* Directions: Using the data below, restate exactly every line from the one with "Baldinini Trend Chic" up to and including the one with "Resultados Clave Aumentar". No picture belongs in it.

* Task input:

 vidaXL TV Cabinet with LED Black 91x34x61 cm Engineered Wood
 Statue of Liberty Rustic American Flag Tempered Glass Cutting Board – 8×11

---

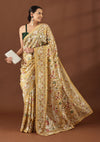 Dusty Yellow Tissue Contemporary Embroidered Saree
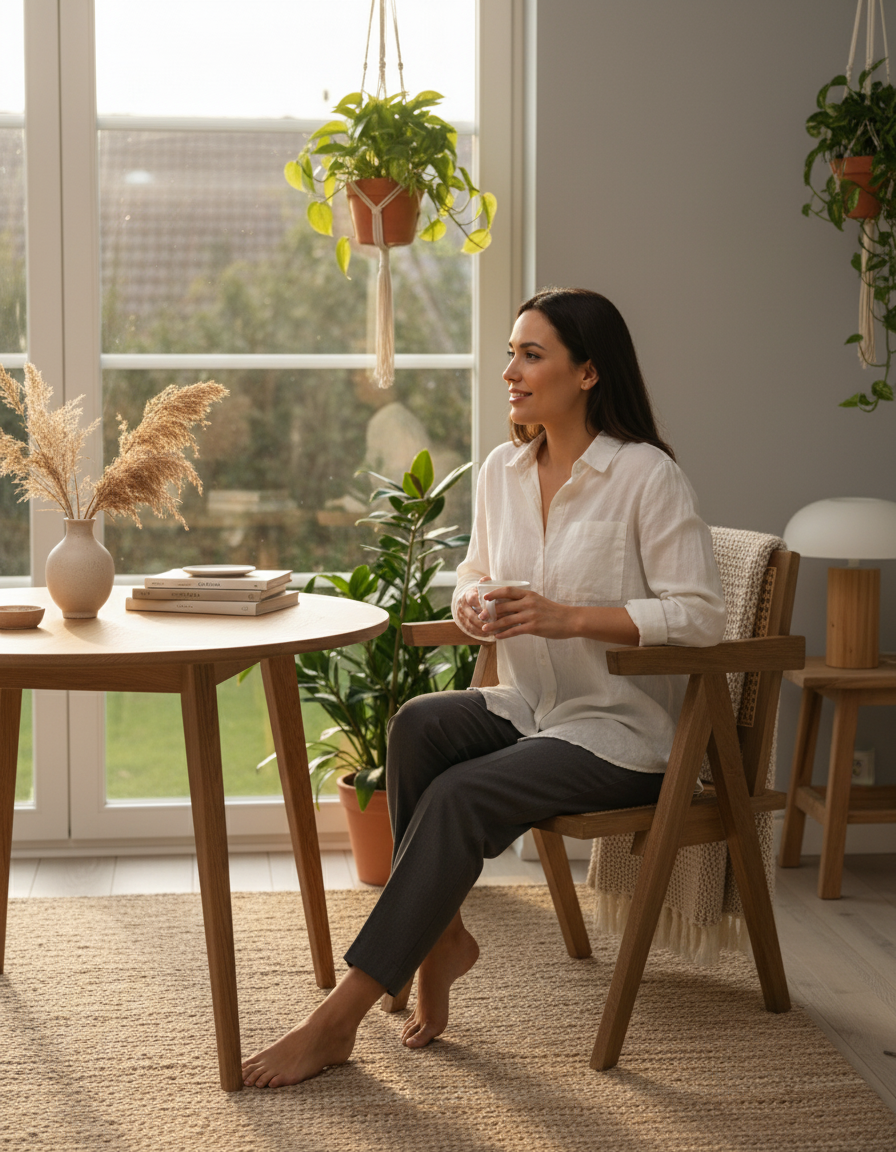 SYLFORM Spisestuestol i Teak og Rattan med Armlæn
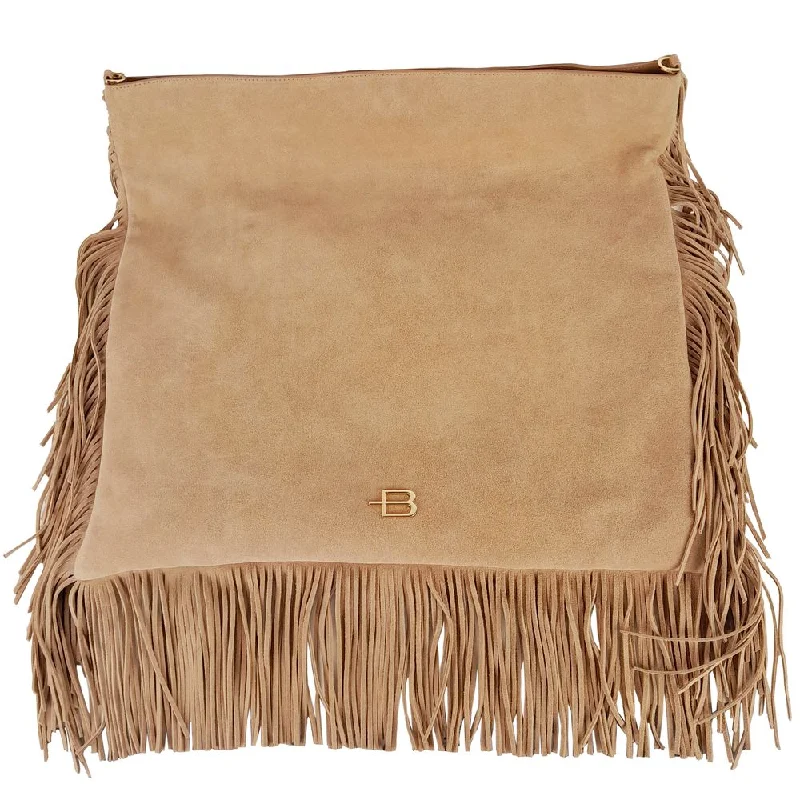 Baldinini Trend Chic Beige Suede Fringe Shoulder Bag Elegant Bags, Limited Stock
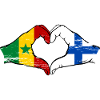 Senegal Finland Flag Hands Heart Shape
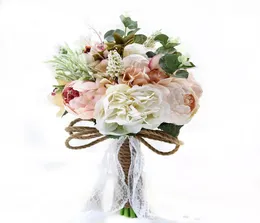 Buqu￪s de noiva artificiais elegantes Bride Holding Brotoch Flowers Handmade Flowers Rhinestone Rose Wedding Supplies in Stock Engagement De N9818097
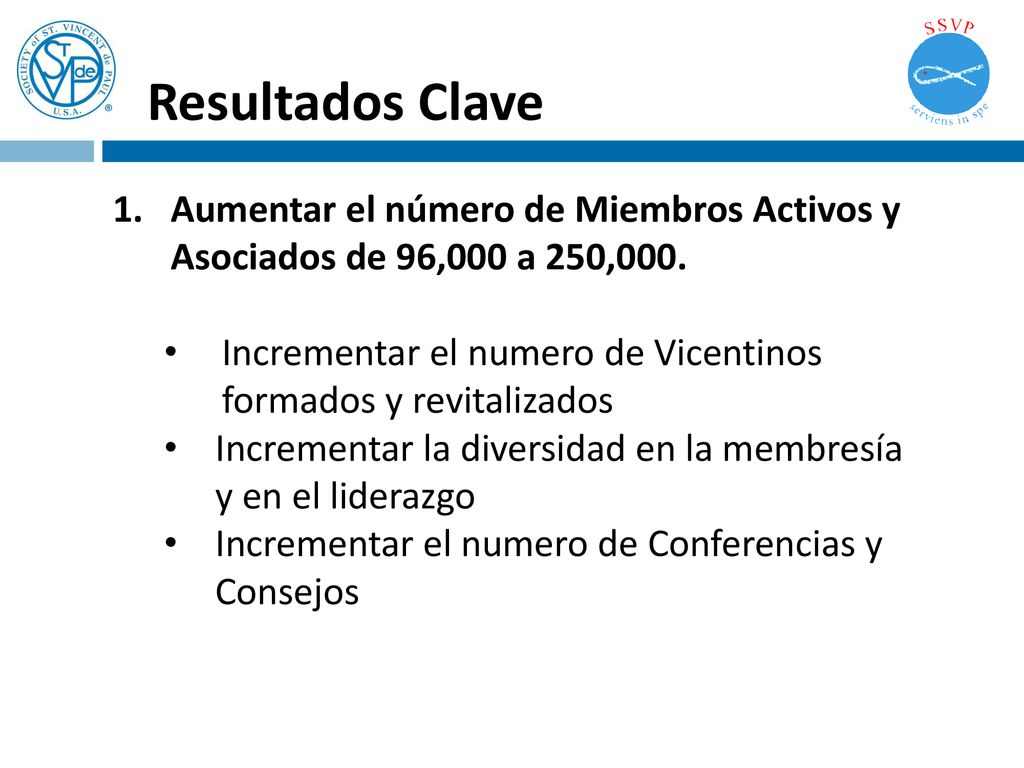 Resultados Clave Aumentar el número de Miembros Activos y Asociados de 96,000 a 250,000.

==

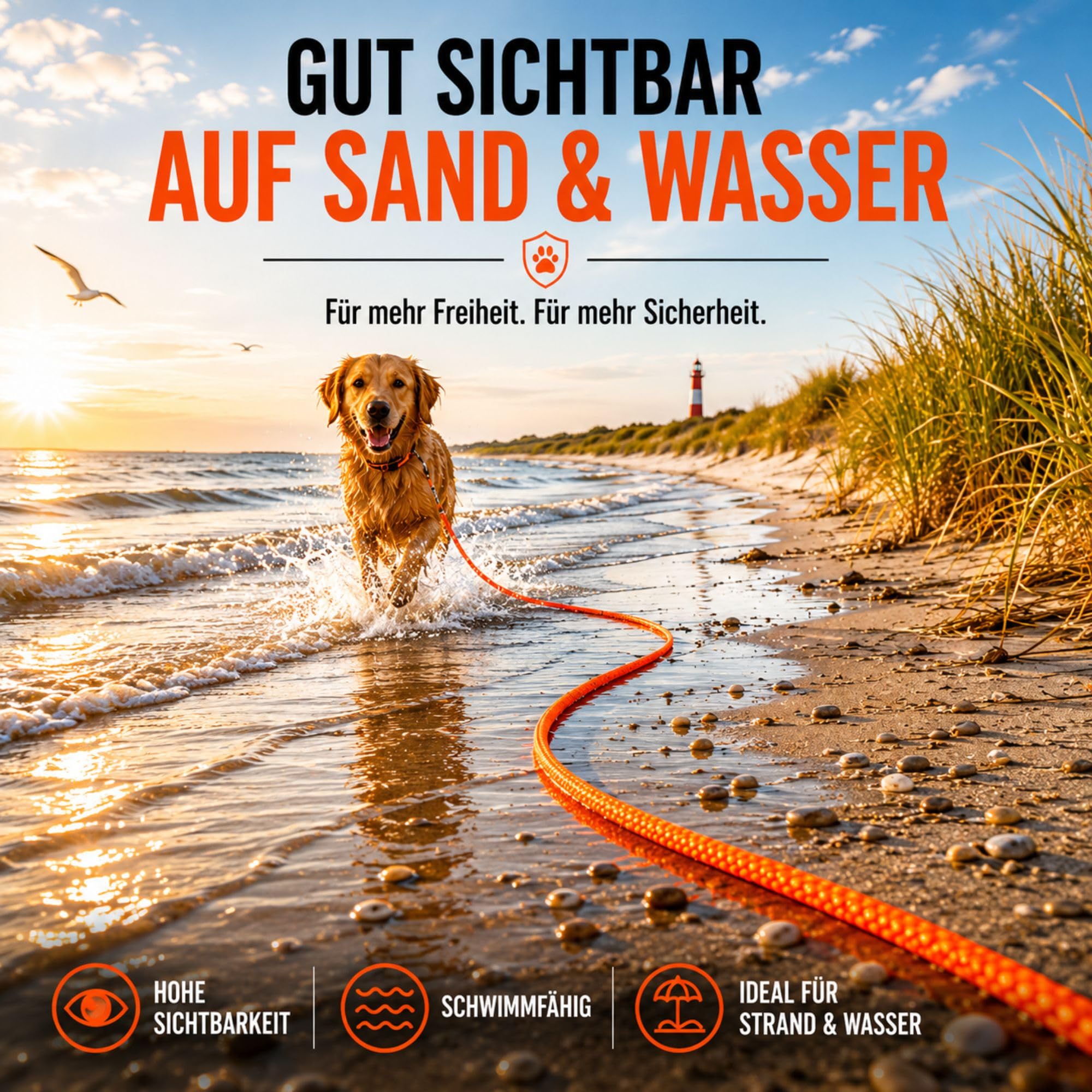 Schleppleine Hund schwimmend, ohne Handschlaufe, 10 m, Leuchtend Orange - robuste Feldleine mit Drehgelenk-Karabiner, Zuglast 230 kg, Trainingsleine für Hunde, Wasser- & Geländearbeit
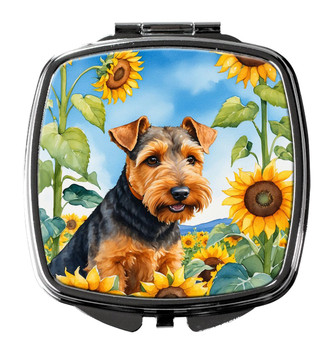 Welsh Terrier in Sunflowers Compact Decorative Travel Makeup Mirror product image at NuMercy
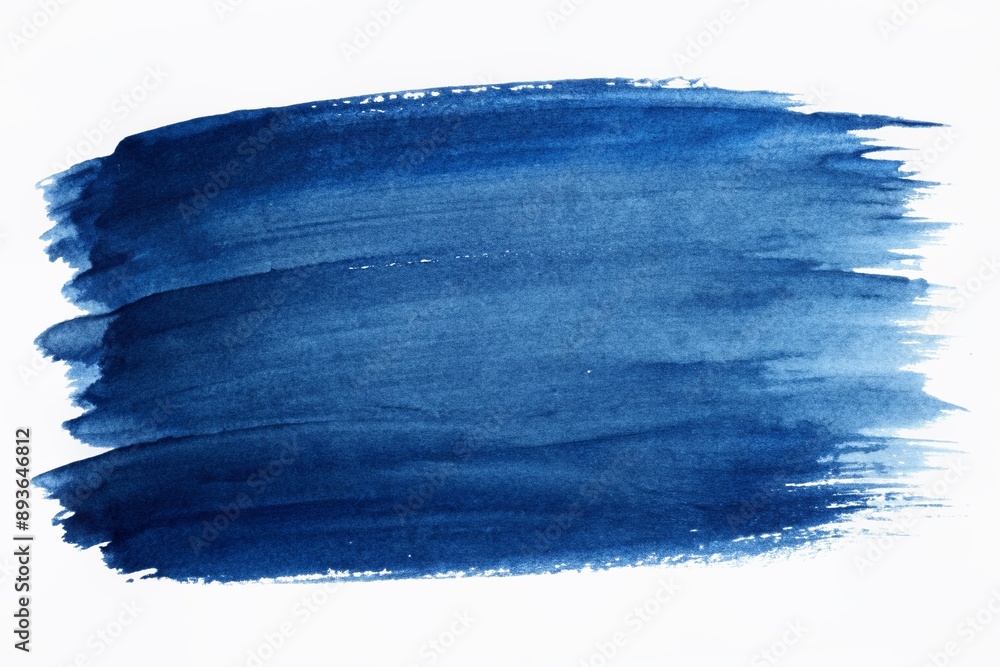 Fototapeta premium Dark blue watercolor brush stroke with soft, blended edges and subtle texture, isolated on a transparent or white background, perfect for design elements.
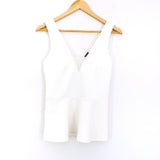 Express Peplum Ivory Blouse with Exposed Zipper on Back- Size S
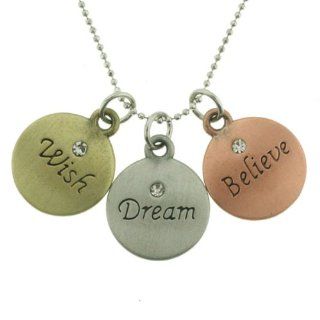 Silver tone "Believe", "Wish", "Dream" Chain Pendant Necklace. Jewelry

* Solution for this problem:
 Baldinini Trend Chic Beige Suede Fringe Shoulder Bag Elegant Bags, Limited Stock
 Senegal Finland Flag Hands Heart Shape
 Buqu￪s de noiva artificiais elegantes Bride Holding Brotoch Flowers Handmade Flowers Rhinestone Rose Wedding Supplies in Stock Engagement De N9818097
 Resultados Clave Aumentar el número de Miembros Activos y Asociados de 96,000 a 250,000.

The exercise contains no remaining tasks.